Next, you see a definition of a class in IL, starting with the .class IL instruction. Notice this class, MainApp, derives from System.Object, the mother of all classes in .NET. Although we didn't derive MainApp from System.Object when we wrote this class earlier in Managed C++, C#, J#, or VB.NET, the compiler automatically added this specification for us because System.Object is the implicit parent of all classes that omit the specification of a base class.

Within this class, you see two methods. While the first method, Main( ), is a static method that we wrote earlier, the second method, .ctor( ), is automatically generated. Main( ) serves as the main entry point for our application, and .ctor( ) is the constructor that allows anyone to instantiate MainApp.

As this example illustrates, given a .NET PE file, we can examine all the metadata that is embedded within a PE file. The important thing to keep in mind here is that we can do this without the need for source code or header files. If we can do this, imagine the exciting features that the CLR or a third-party tool can offer by simply making intelligent use of metadata. Of course, everyone can now see your code, unless you use different techniques (e.g., obfuscation and encryption) to protect your property rights.

2.3.3 Inspecting and Emitting Metadata

To load and inspect a .NET assembly to determine what types it supports, use a special set of classes provided by the .NET Framework base class library. Unlike API functions, these classes encapsulate a number of methods to give you an easy interface for inspecting and manipulating metadata. In .NET, these classes are collectively called the Reflection API, which includes classes from the System.Reflection and System.Reflection.Emit namespaces. The classes in the System.Reflection namespace allow you to inspect metadata within a .NET assembly, as shown in the following example:

using System;
using System.IO;

using System.Reflection;

public class Meta 
{
  public static int Main(  )
  {
    // First, load the assembly.
    Assembly a = Assembly.LoadFrom("hello.exe");

    // Get all the modules that the assembly supports.
    Module[] m = a.GetModules(  );

    // Get all the types in the first module.
    Type[] types = m[0].GetTypes(  );

    // Inspect the first type.
    Type type = types[0];
    Console.WriteLine("Type [{0}] has these methods:", type.Name);

    // Inspect the methods supported by this type.
    MethodInfo[] mInfo = type.GetMethods(  );
    foreach ( MethodInfo mi in mInfo ) 
    {
      Console.WriteLine("  {0}", mi);
    }           

    return 0;
  }
}

Looking at this simple C# program, you'll notice that we first tell the compiler that we want to use the classes in the System.Reflection namespace because we want to inspect metadata. In Main( ), we load the assembly by a physical name, hello.exe, so be sure that you have this PE file in the same directory when you run this program. Next, we ask the loaded assembly object for an array of modules that it contains. From this array of modules, we pull off the array of types supported by the module, and from this array of types, we then pull off the first type. For hello.exe, the first and only type happens to be MainApp. Once we have obtained this type or class, we loop through the list of its exposed methods. If you compile and execute this simple program, you see the following result:

Type [MainApp] has these methods:
  Int32 GetHashCode(  )
  Boolean Equals(System.Object)
  System.String ToString(  )
  Void Main(  )
  System.Type GetType(  )

Although we've written only the Main( ) function, our class actually supports four other methods, as is clearly illustrated by this output. There's no magic here, because MainApp inherits these method implementations from System.Object, which once again is the root of all classes in .NET.

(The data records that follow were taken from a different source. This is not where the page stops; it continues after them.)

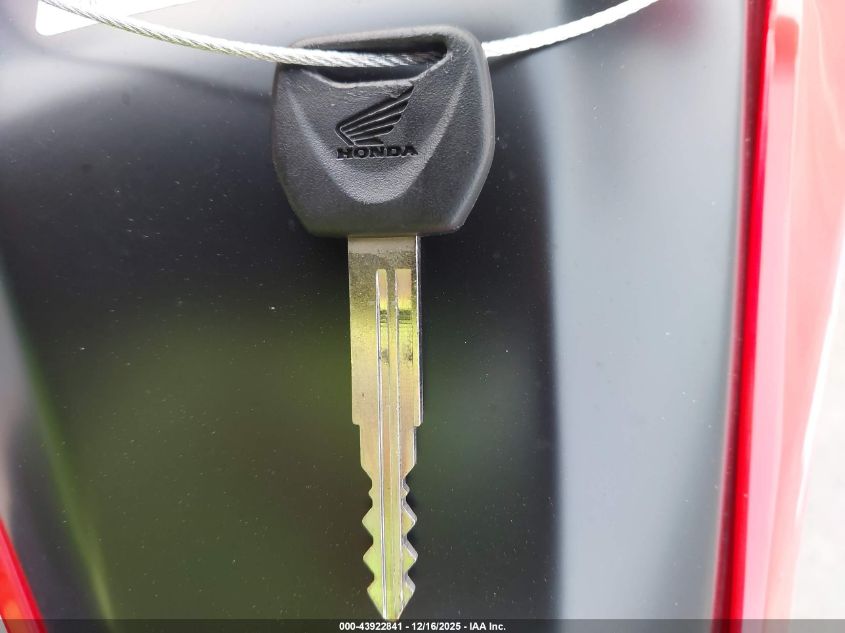 2024 Honda Crf300 La VIN: MLHND1652R5300896 Lot: 43922841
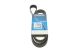 Поликлиновый ремень VW CORRADO, VOLVO V90, DAYCO (6PK1755) Поликлиновый ремень VW CORRADO, VOLVO V90, DAYCO (6PK1755)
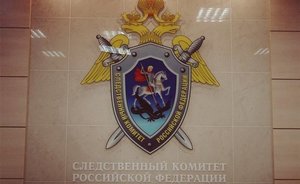 Нижнекамцу, нападавшему на беременных женщин, продлили арест до ноября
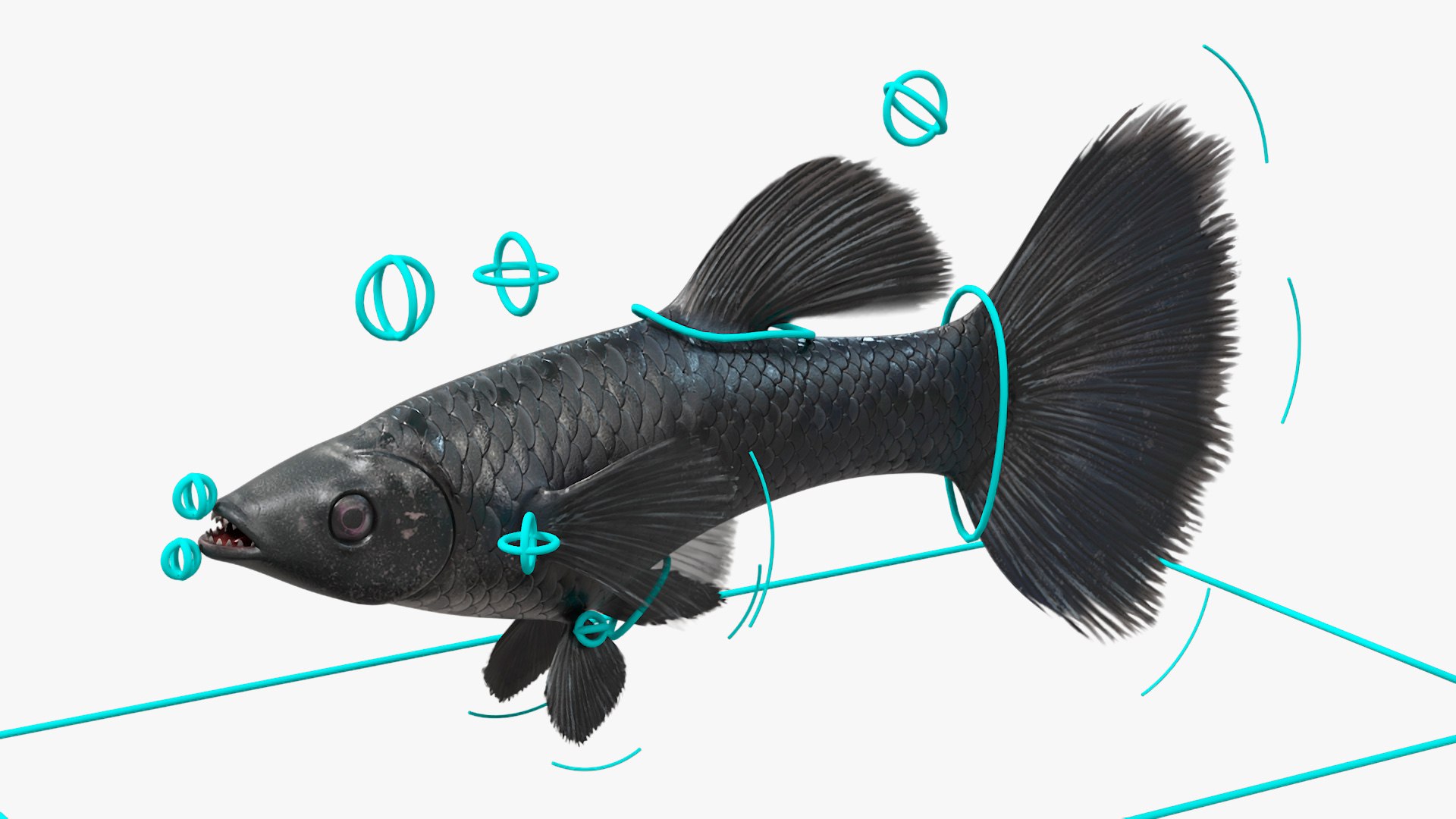 Guppy Fish Black Prince Rigged 3D https://p.turbosquid.com/ts-thumb/xJ/BjQKr5/KI/guppyfishblackprinceriggedmb3dmodel011/jpg/1725104225/1920x1080/fit_q87/1431c012aa321d9181decbfb6da143e656327ded/guppyfishblackprinceriggedmb3dmodel011.jpg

As you can see, the System.Reflection classes allow you to inspect metadata, and they are really easy to use. If you have used type library interfaces in COM before, you know that you can do this in COM, but with much more effort. However, what you can't do with the COM type library interfaces is create a COM component at runtimea missing feature in COM but an awesome feature in .NET. By using the System.Reflection.Emit classes, you can write a simple program to generate a .NET assembly dynamically at runtime. Given the existence of System.Reflection.Emit, anyone can write a custom .NET compiler.

2.3.4 Interoperability Support

Because it provides a common format for specifying types, metadata allows different components, tools, and runtimes to support interoperability. As demonstrated earlier, you can inspect the metadata of any .NET assembly. You can also ask an object at runtime for its type, methods, properties, events, and so on. Tools can do the same. The Microsoft .NET SDK ships four important tools that assist interoperability, including the .NET assembly registration utility (RegAsm.exe), the type library exporter (tlbexp.exe), the type library importer (tlbimp.exe), and the XML schema definition tool (xsd.exe).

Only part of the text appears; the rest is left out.